• _Goal of the exercise_
Begin at the line containing "New York Rangers" and retype each line through the end of the records exactly. Include nothing else and no pictures.

• _Data records_
-------
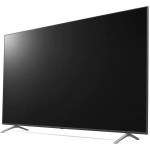 Телевизор LG 50UP77006LB.ADGG (50 ", Smart TVСеребро)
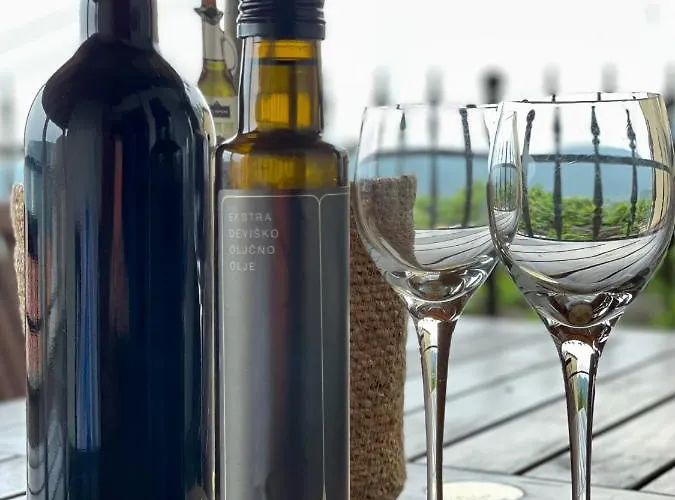 Istrian House Casa Del Nonno * Šmarje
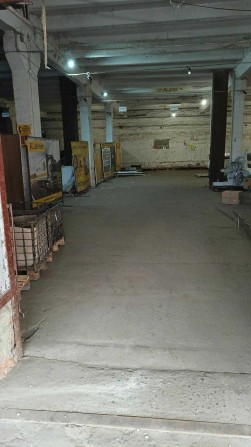 Суборенда складського приміщення у Полтаві - фото 1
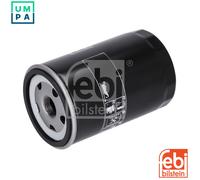 febi bilstein Oil Filter 22550 – Fits Audi/Seat/Skoda/VW – 1 unit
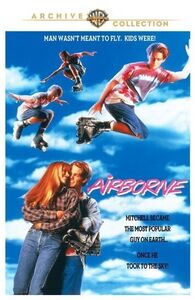 Airborne , Shane Mc Dermott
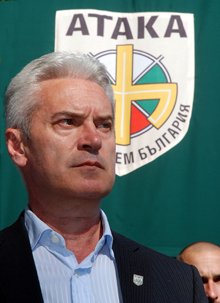 Government Partner Calls for Debate on Abortions in Bulgaria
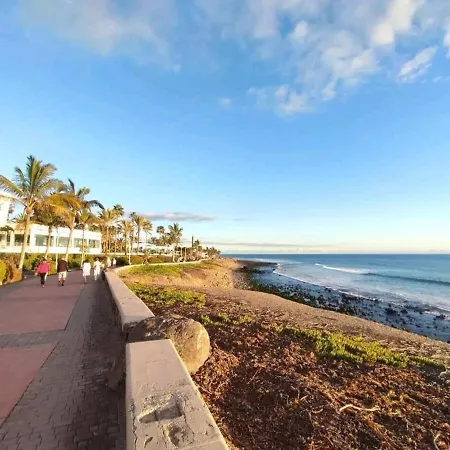 Oasis Club Playa Lägenhet Maspalomas (Gran Canaria)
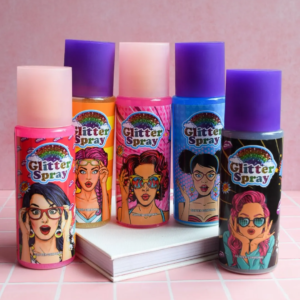 GLITTER SPRAY GRANDE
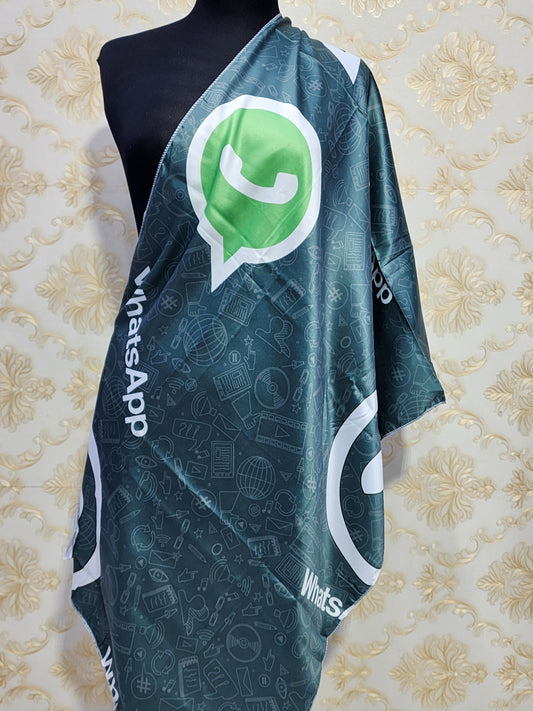 Whatsapp Stoller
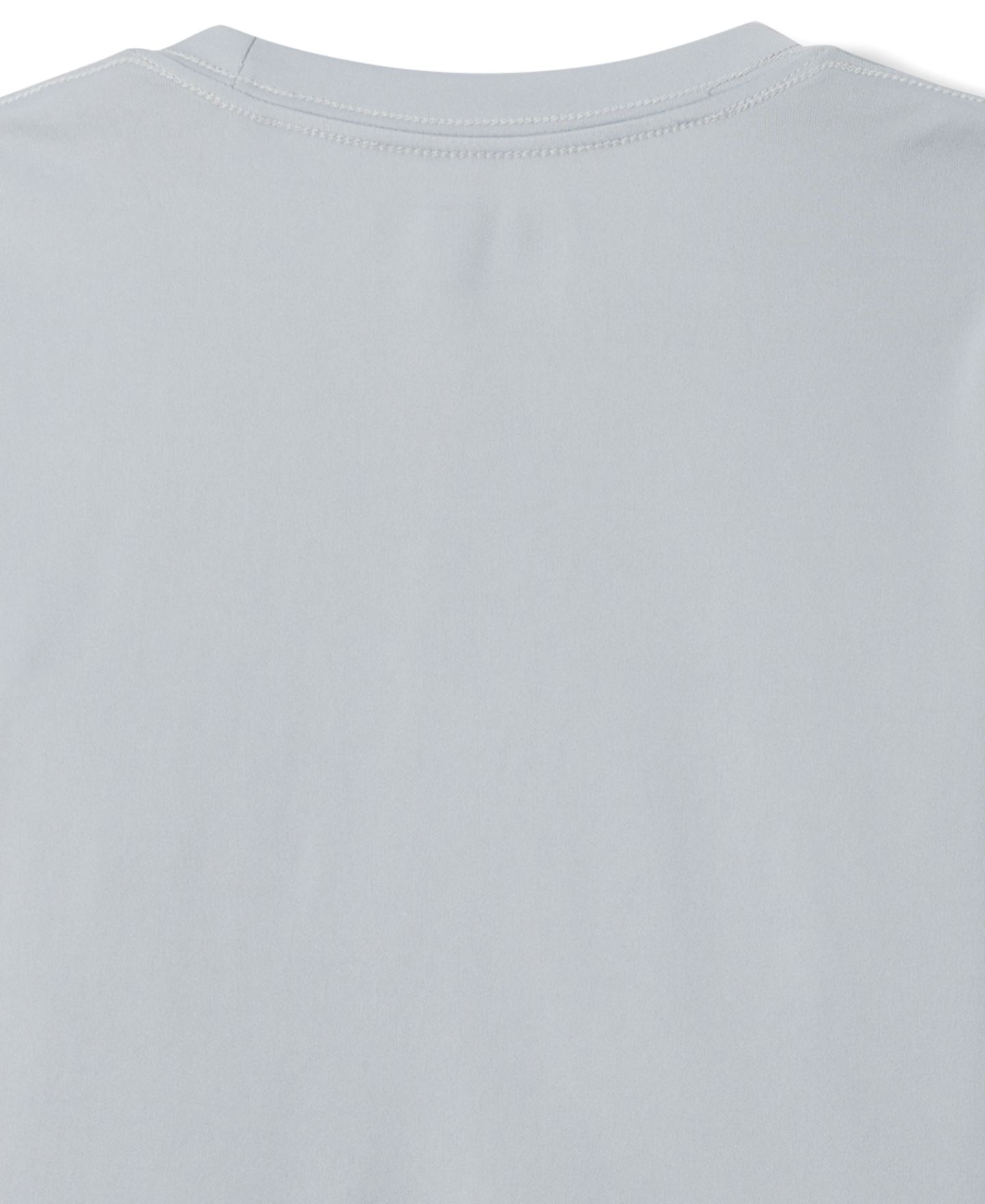 Футболка Columbia Terminal Tackle Long-Sleeve T-Shirt для мальчиков, цвет: Холодный серый — фото 3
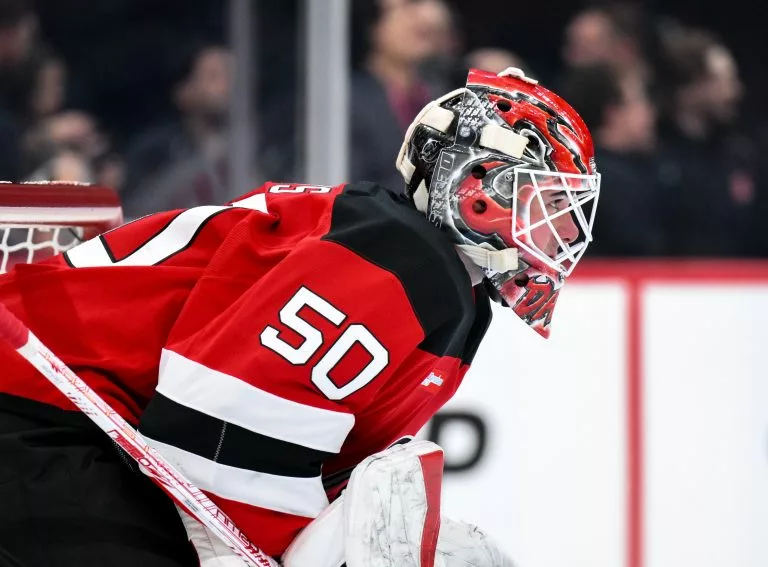 New York Rangers vs New Jersey Devils Picks and Predictions for Thursday October 15 2026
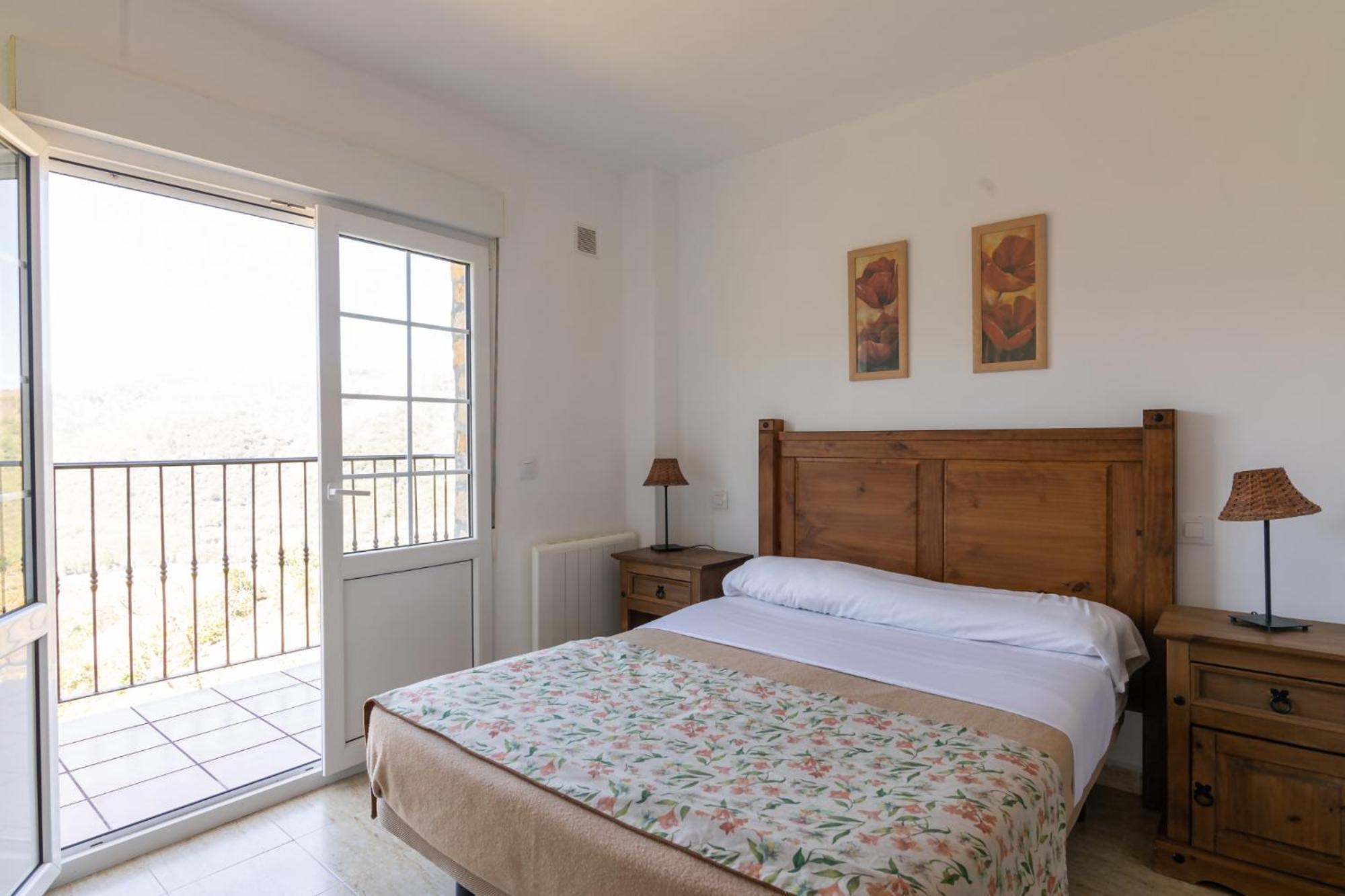 Mirador De Miranda Apartamentos Rural & Spa Inc Cutiellos Szoba fotó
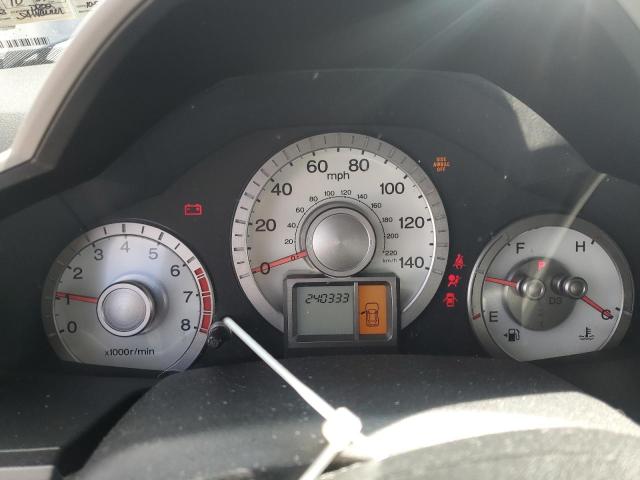 Photo 9 from auction – 2011 HONDA PILOT LX with VIN 5FNYF4H24BB097285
-------
• _Exercise result_
 New York Rangers vs New Jersey Devils Picks and Predictions for Thursday October 15 2026
 Mirador De Miranda Apartamentos Rural & Spa Inc Cutiellos Szoba fotó
 Photo 9 from auction – 2011 HONDA PILOT LX with VIN 5FNYF4H24BB097285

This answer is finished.